Kami berdua memasuki rumah yang di dalamnya sudah dipersiapkan kibor kecil di dekat pintu samping. Papi berdiri di sana dan memberi kode pada Ben untuk mengambil posisi. Beberapa tamu sudah duduk di lantai, bersandar pada dinding, termasuk juga mami. Wanita paruh baya yang masih terlihat muda dan cantik itu melambaikan tangan padaku, memberi kode agar aku duduk di sebelahnya. Aku menurut saja.
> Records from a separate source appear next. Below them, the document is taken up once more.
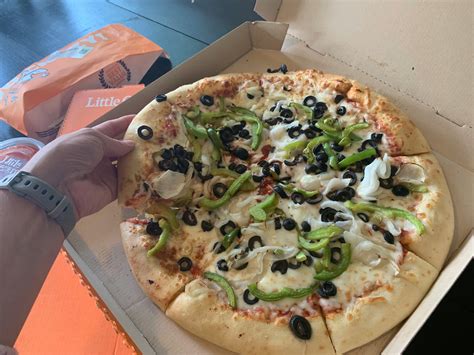 Little Caesars Veggie Pizza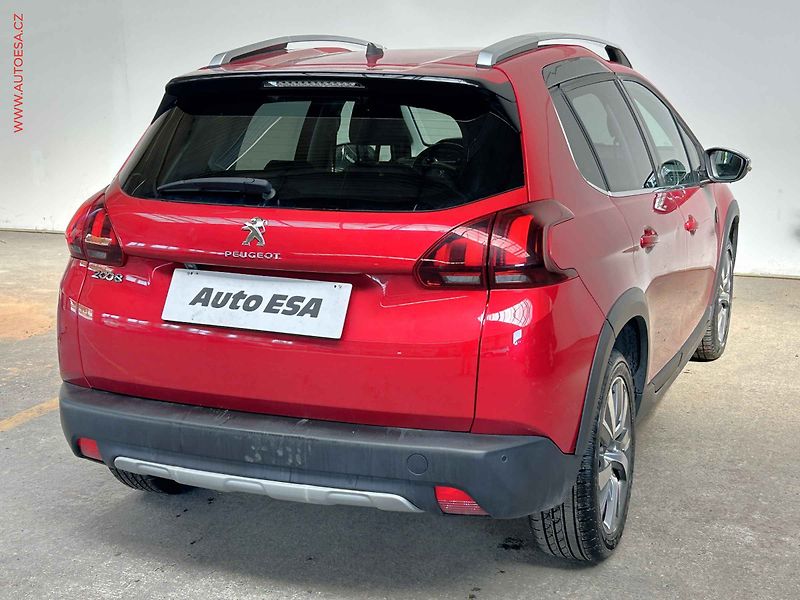 Peugeot 2008 (2019) 1.2 PT, Crossway, navi, panor - fotka 4 z 16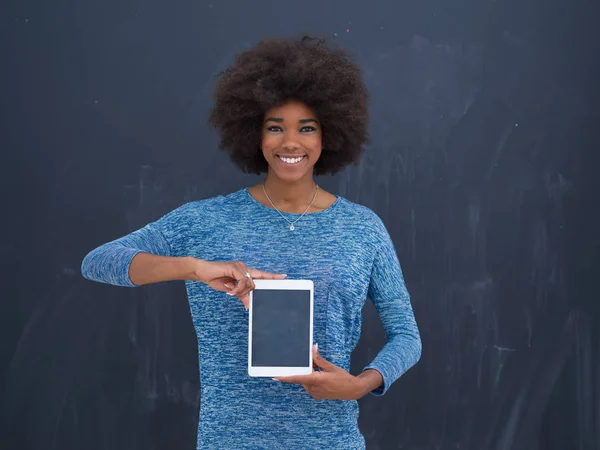 Felice donna afroamericana utilizzando tavoletta digitale — Foto Stock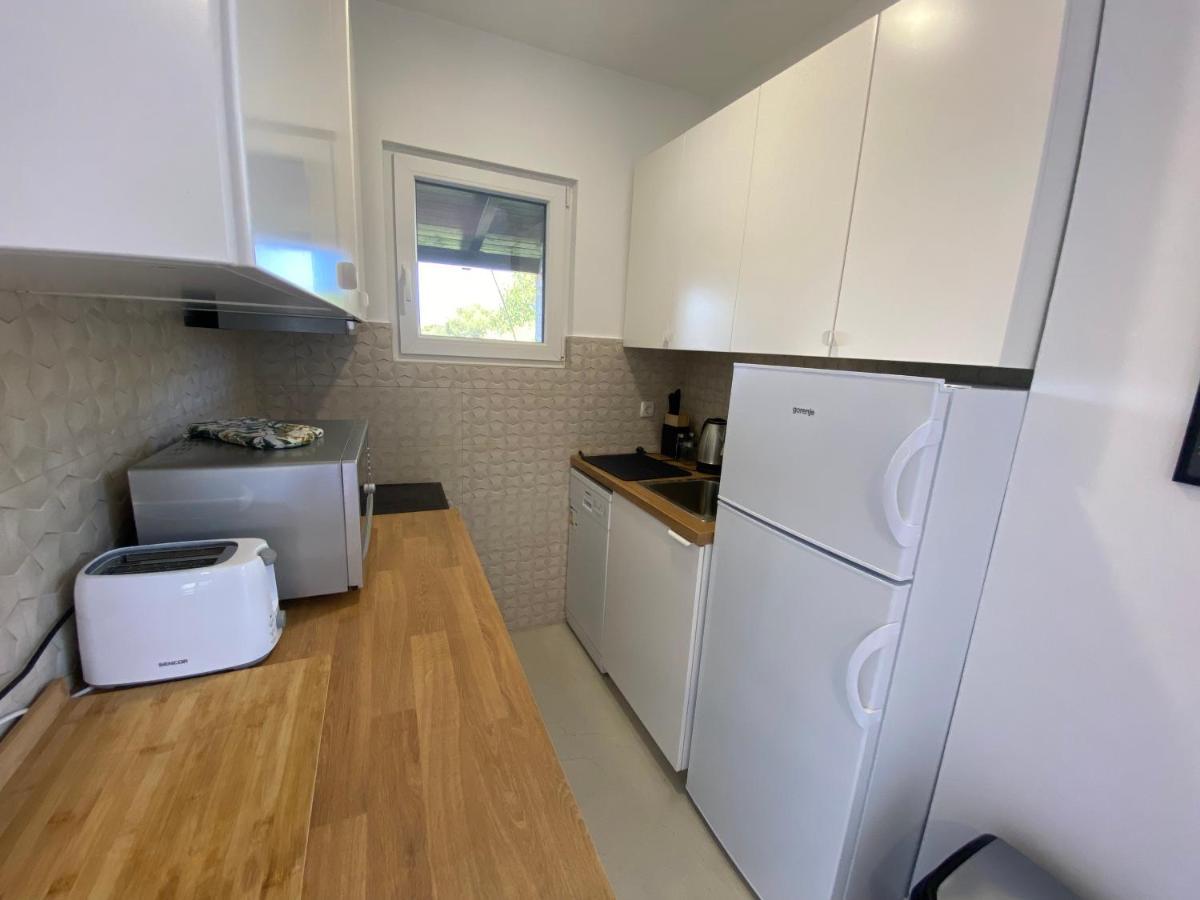 Maris Apartment Премантура Екстериор снимка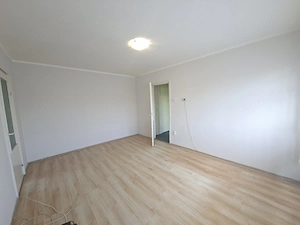 Apartament 2 camere de vanzare strada Aleea Biruintei si balcon etaj 4 Mihai Viteazul  - imagine 2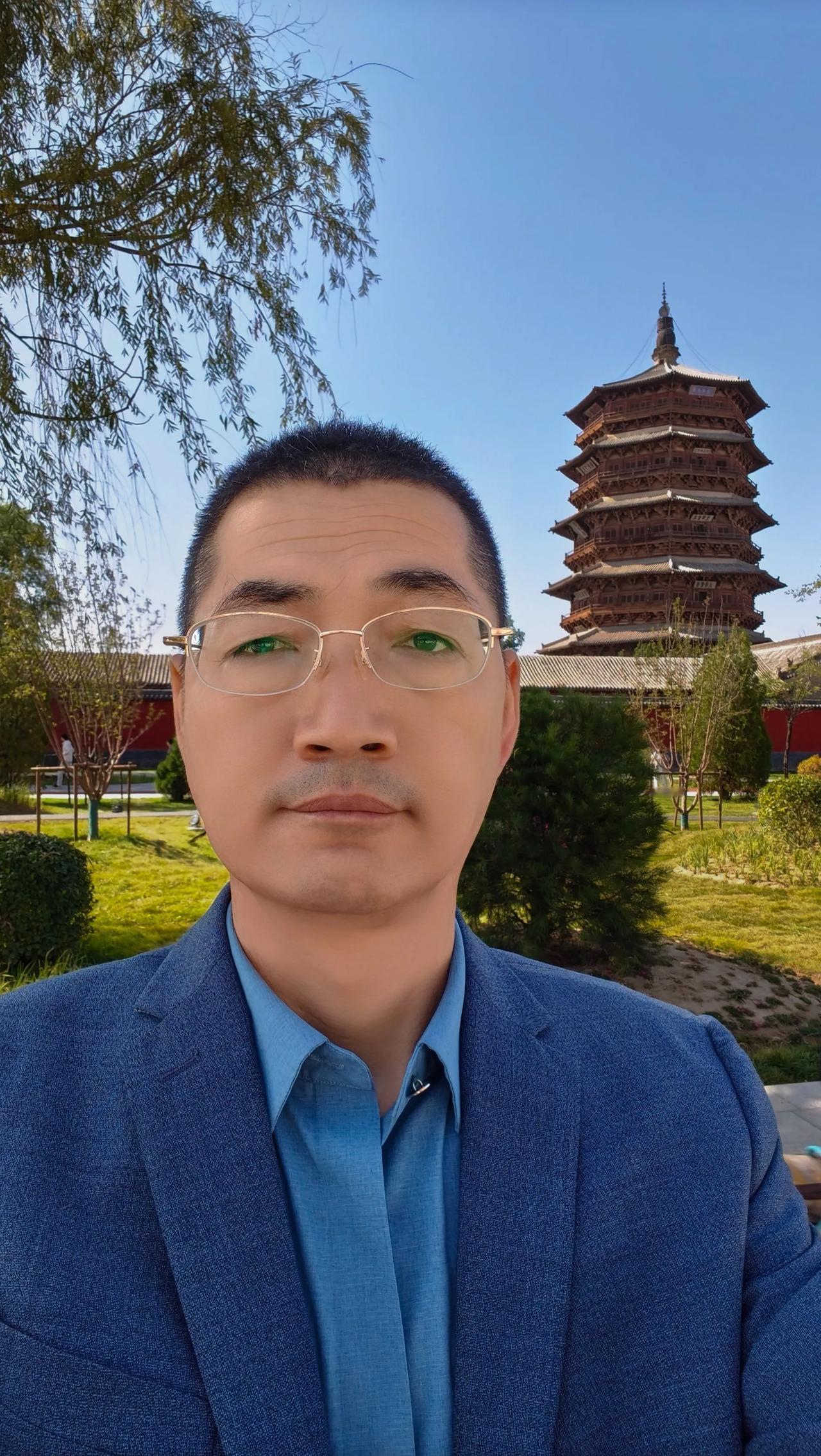 小时候就听姥爷给我讲应县木塔的故事，他告诉我，应县有个大木塔，离天三尺三，临汾有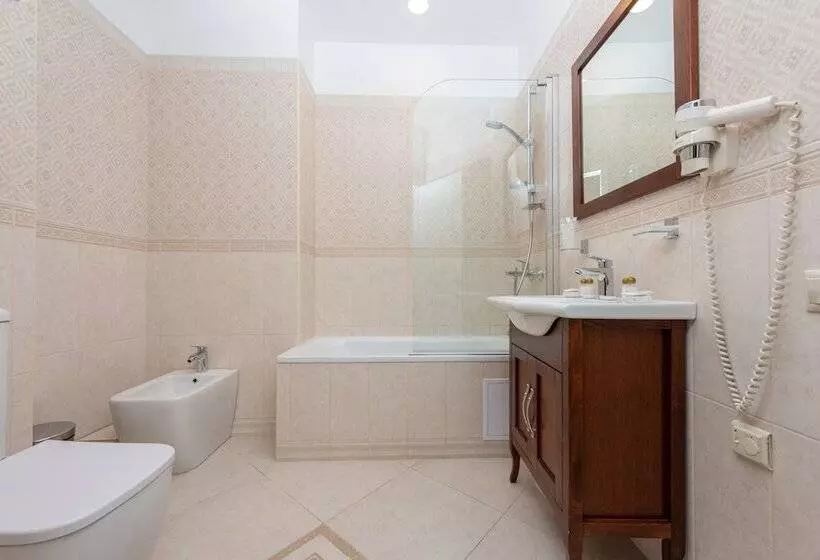 ホテル U Zolotykh Vorot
Tak lama, melodi indah mengalun dari jemari lentik Ben yang bermain di atas kibor. Papi menyampaikan sebuah kisah tentang Nabi Yusuf di sela-sela musik tersebut. Sesekali aku menelusuri ingatan tentang kisah Nabi Yusuf versi Islam yang ternyata ... meski sebagian besar serupa, tetapi ada perbedaan signifikan dan krusial. Aku tentu tak berani bersuara, terlebih lagi mami beberapa kali mencuri pandang padaku, yang hanya kurespon dengan senyuman kecil. Akhir dari kisah tersebut ternyata berujung pada nyanyian puji-pujian yang dilantunkan oleh hampir semua orang di dalam ruangan ini.